Hogarth Five orders of Perriwigs


William Hogarth.  “The five Orders of Perriwigs . . ..”  London: John Stockdale, Piccadilly & John Walker and G. Robinson, Paternoster Row, 1812.  10 1/4 x 8 1/4.  Re-engraving by Thomas Cook.  Very good condition.


A fascinating print by William Hogarth (1697-1764), considered by many to be the greatest English caricaturist of all time. He was an perceptive observer and his illustrations of the social and political conduct of his day are fascinating historical documents and humorous depictions of human foibles, which have remained much the same over the last two centuries.

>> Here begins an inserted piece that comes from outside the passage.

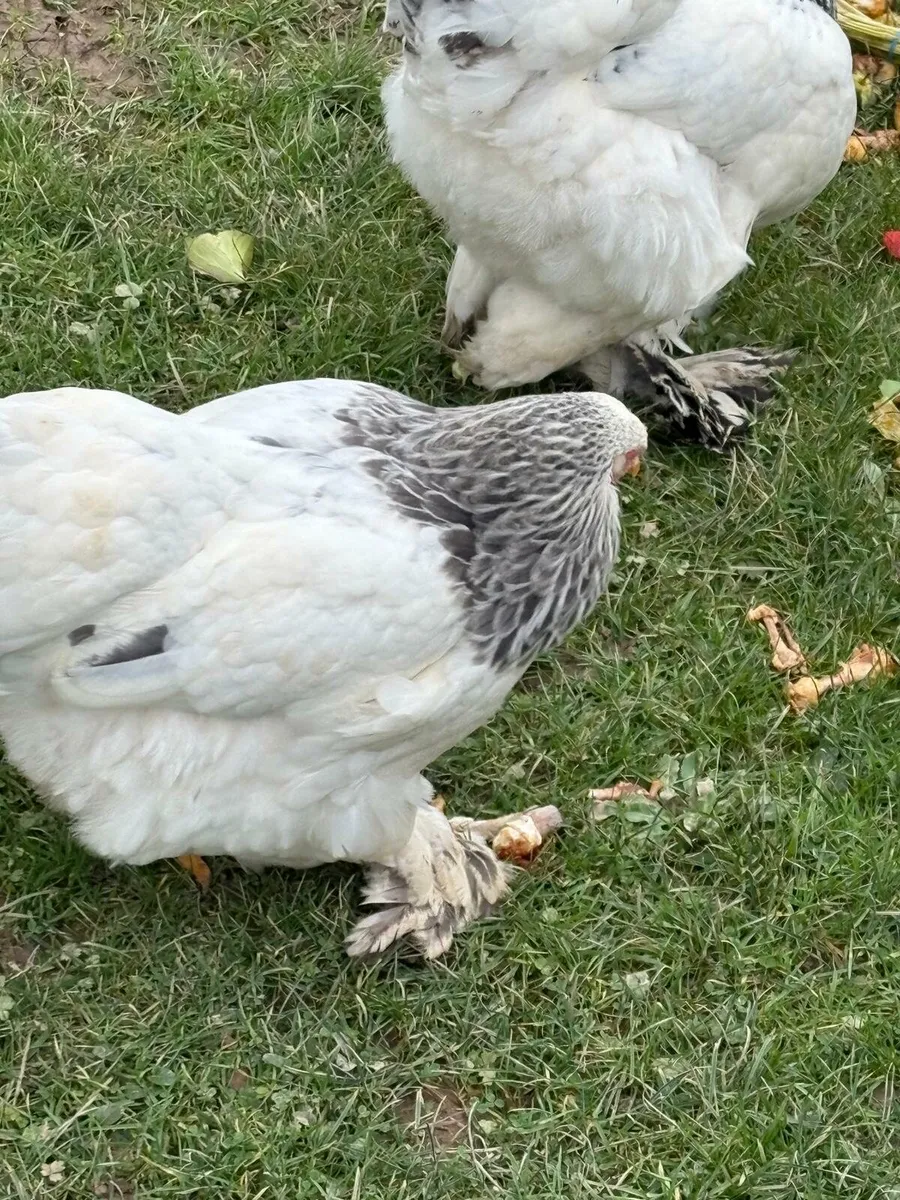 Selection of poultry - Image 4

Hogarth was a painter of considerable accomplishment, but it is for his remarkable prints that he is best known.

The popularity of Hogarth’s prints led to the publication, in 1795, of a complete set of Hogarth’s images “faithfully copied from his finished proofs, by T[homas] Cook.  This print comes from an early nineteenth century reissue of that work.  This image first appeared in 1761 soon after the coronation of George III and Queen Charlotte and in anticipation of James Stuart’s The Antiquities of Athens in which a prescription for architecture would require that five orders be observed.  Hogarth satirized the gentlemen, especially lawyers and ladies of the peerage, by classifying the orders in hair pieces worn by each.  An outline based on phrenology studies is used for this satire.